Zofia frowned, obviously lost as to what else discussing could have meant.

“You have managed to earn my protection as a matriarch of the Order of Babel. But you have not earned my confidence.”

Hypnos cleared his throat. “I also have offered protection—”

“Yes, my dear, I noticed with the flaming troika the precise range of your protection.”

Hypnos’s cheeks turned a shade darker.

“What kind of intelligence have you gathered concerning the Sleeping Palace?”

The group looked to one another and said nothing. The truth was that there were no blueprints of the Sleeping Palace. The Fallen House had managed to destroy the records, which meant that for all intents and purposes, they were going into this excursion blind. Delphine must have caught that from their expressions because her gaze narrowed.

“I see,” she said. “And what—besides the ramblings of a dying, broken man—makes you so certain then that there are treasures in the Sleeping Palace?”

“It…” started Hypnos, before trailing off, “… would be a terrible waste of space without … treasure?”

Zofia said nothing.

“No historical records of confirmation?” asked Delphine, her gaze zeroing in on Enrique. “Then what do you have?”

Enrique pressed the dossier of papers tighter against him. All he could tell was the truth, so he did. “Ghost stories.”

The matriarch raised her eyebrow. “Ghost stories?”

Enrique nodded.

“What kind of history or proof is that?” she asked.

Enrique’s ears burned, but he heard her curiosity. It was genuine. At the sound of it, a quiet thrill wound through him.

“Madame Delphine, depending on who you ask, sometimes ghost stories are all that is left of history,” he said. “History is full of ghosts because it’s full of myth, all of it woven together depending on who survived to do the telling.”

She raised an eyebrow. “Go on.”

“According to the coordinates on the spectacles, we know the Sleeping Palace is somewhere on Lake Baikal.”

“There’s nothing in Siberia but ice,” said the matriarch dismissively. “And murders from the past; that’s probably where all ghost stories started.”

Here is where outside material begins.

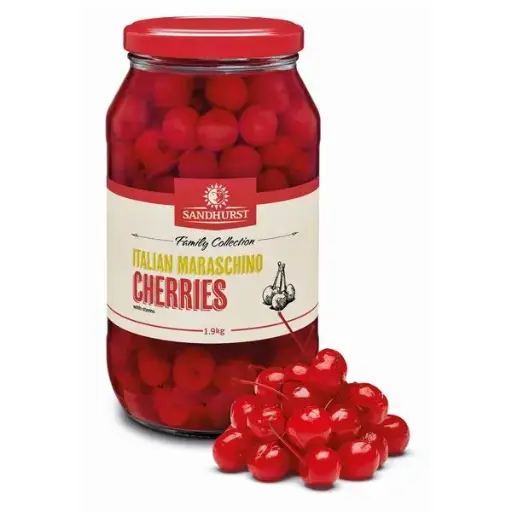 [G03:MARACHINOSH2K] Marrachino Cherries Red Stem On 1.8kg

“Lake Baikal is a sacred place, especially to the Buryats, the indigenous people who live in southeastern Russia near the Mongolian border,” said Enrique quickly. “The name itself means ‘Sacred Sea.’”

“I’m still not hearing a ghost story,” said the matriarch.

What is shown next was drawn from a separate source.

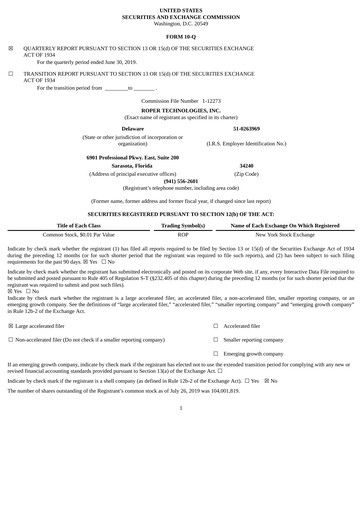 Vorschaubild Roper Technologies Quartalsbericht 2019-q2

“Well, that’s the interesting matter,” said Enrique. “When you trace the tales surrounding this area of Lake Baikal, what you find is there are a lot of rumors in that area of restless spirits. Women, especially, whose voices are known to cry out to people in the middle of the night, echoing over the ice. There were also stories in the past of … of murders in the area. The last of which was committed almost twenty years ago.”

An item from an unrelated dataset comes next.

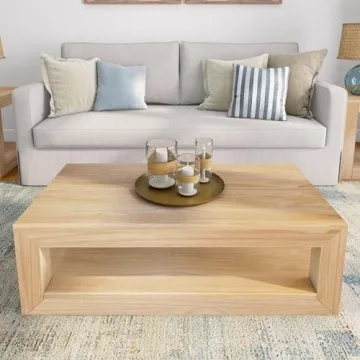 Stylish Plank+Beam Solid Wood Coffee Table with Shelf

Zofia shifted uncomfortably on her stool. Hypnos shuddered.

“And no one was ever captured,” said Hypnos, visibly disturbed.

“Supposedly, the murders were committed without motive,” said Enrique. “But I don’t think that’s true.”

Enrique walked to the matriarch, holding out one of the papers from his research. It showed an illustration of the Siberian landscape and a huge sepulcher carved from a single slab of black marble, and covered in intricate Forging metalwork of silver vines and looping script.

“In the fourteenth century, a noted traveler named Ibn Battuta observed the burial of a great Mongolian khan. He was placed with his greatest treasures, along with his favorite guards and female slaves. All of them were closed up beneath it.”

“The female slaves and guards were killed?” asked Hypnos.

“They died there, eventually,” said Enrique.

Hypnos paled.

“Some cultures thought that one could not construct an important building without tithing a human life, and so they buried people in the foundations of buildings.” Enrique drew out another paper, this one showing a brick wall. “For example, the Albanian legend of Rozafa where a young woman sacrificed herself so a castle could be built.”